Contemplando estas dos obras de Eduardo Sanz, nadie dudaría de que el mar está en sus genes desde que naciera en Santander en 1928. Lo que es difícil de comprender es cómo consigue entender, asimilar y plasmar con semejante nitidez la oscilación de una marea o la mecánica de un oleaje.
Conocido desde sus inicios por su adscripción a la abstracción informalista —fruto, posiblemente, de la influencia que recibió durante los años cincuenta de los preceptos del recién instituido grupo El Paso—, Sanz no tardó en abandonar su fase de adscripción a la abstracción para adentrarse en el terreno de la figuración expresionista y coquetear, a partir de ahí, con un estilo de carácter poscubista. Superada esta primera etapa referencial, Sanz investigó con nuevos materiales y técnicas y, en su intento por abrazar la tridimensionalidad trabajando a partir de planos que se van superponiendo, encontró en el espejo y el vidrio el tipo de soporte que mejor se adapta a lo que persigue en su investigación artística.

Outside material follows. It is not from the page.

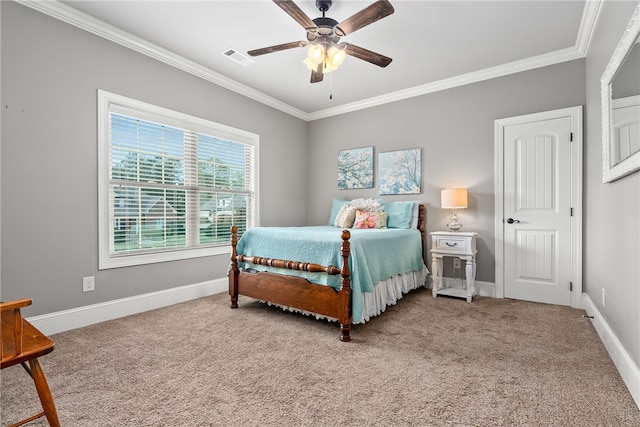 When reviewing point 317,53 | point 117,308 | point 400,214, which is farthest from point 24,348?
point 400,214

Distanciado de las tendencias de su época y empeñado en seguir un camino independiente, la obra de Sanz evoluciona hasta iniciar la producción, a mediados de los años setenta, de Las cartas de amar, una obra realizada a partir de banderas de señales navales, y que en consecuencia se adentra en el campo de la lingüística y de la escritura experimental. Tras un período de cuatro años en el que la pintura pasó a un segundo plano en favor de investigaciones creativas de diversa índole, Sanz volvió mostrar interés por pintar y catalogar todos los faros de la costa española. A partir de este momento su comunión con el mar será la que determinará no solo la temática de su madurez creativa, sino también el lenguaje hiperrealista con que resuelve obras como las dos que nos ocupan. Más que una imagen, se diría que estas obras representan el latido del mar a través de un movimiento continuo e imperecedero.